To the churches in Galatia, Paul exclaimed, “I am amazed that you are so quickly deserting him who called you by the grace of Christ, for a different gospel” (Galatians 1:6). In Galatians 4:1–11, he described a progression in which the Galatian Christians had gone from slaves, to sons, and then back to slaves again. In the conclusion of this section, Paul said, “I fear for you, that perhaps I have labored over you in vain.”
To those who had been saved by the blood of Jesus, but then accepted the Jesus-plus gospel of the Judaizers that added circumcision to the Ordo Salutis (way of salvation), Paul proclaimed, “You have been severed [kataergo: “cut off, emptied of, annulled from, canceled from, brought to an end, destroyed, annihilated”] from Christ, you who are seeking to be justified by law; you have fallen [ekpipto: “to fall from or out of, to forfeit, to lose, to cause to come to an end”] from grace” (Galatians 5:4).
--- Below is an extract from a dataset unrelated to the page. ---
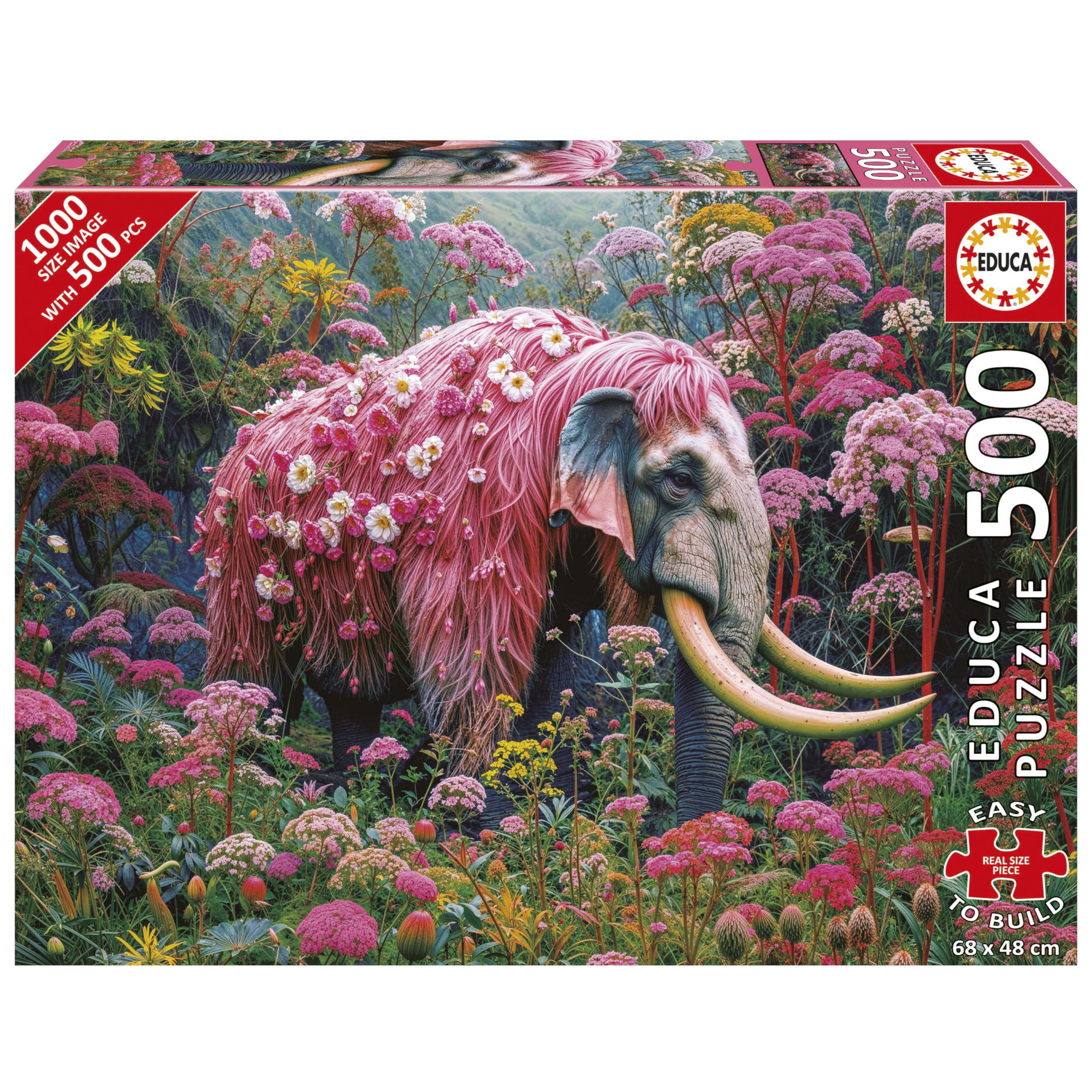educa-20228-floraler-elefant-puzzle-500-teile-erwachsene image 1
To the Philippian church, Paul stated that he had suffered the loss of all things “that I may know him and the power of His resurrection and the fellowship of His sufferings, being conformed to His death; in order that I may attain the resurrection from the dead” (Philippians 3:10,11). If Paul’s salvation was final and nothing could change his status with God, he was not aware of it. He had taken to heart the spiritual devastation in the lives of some of his closest companions because, in the same context, he told the church at Philippi about people who once were well-known believers, but he lamented “they are enemies of the cross of Christ” (Philippians 3:18).
When Paul instructed pastors, the message was the same, “But the Spirit explicitly says that in later times some will fall away from the faith” (1 Timothy 4:1; compare 2 Timothy 4:3,4).
Sidebar: Apostasy
To apostasize means to sever one’s saving relationship with Christ or to withdraw from vital union with and true faith in Him. Thus, individual apostasy is possible only for those who have first experienced salvation, regeneration, and renewal through the Holy Spirit (Luke 8:13; Hebrews 6:4,5); it is not a mere denial of New Testament doctrine by the unsaved within the visible church. Apostasy may involve two separate, though related, aspects: (a) theological apostasy, i.e., a rejection of all or some of the original teachings of Christ and the apostles (1 Timothy 4:1; 2 Timothy 4:3), and (b) moral apostasy, i.e., the former believer ceases to remain in Christ and instead becomes enslaved again to sin and immorality (Isaiah 29:13; Matthew 23:25-28; Romans 6:15-23; 8:6-13).
Donald Stamps, Gen. Ed. Life in the Spirit Study Bible, (Grand Rapids: Zondervan, 1992), 1918.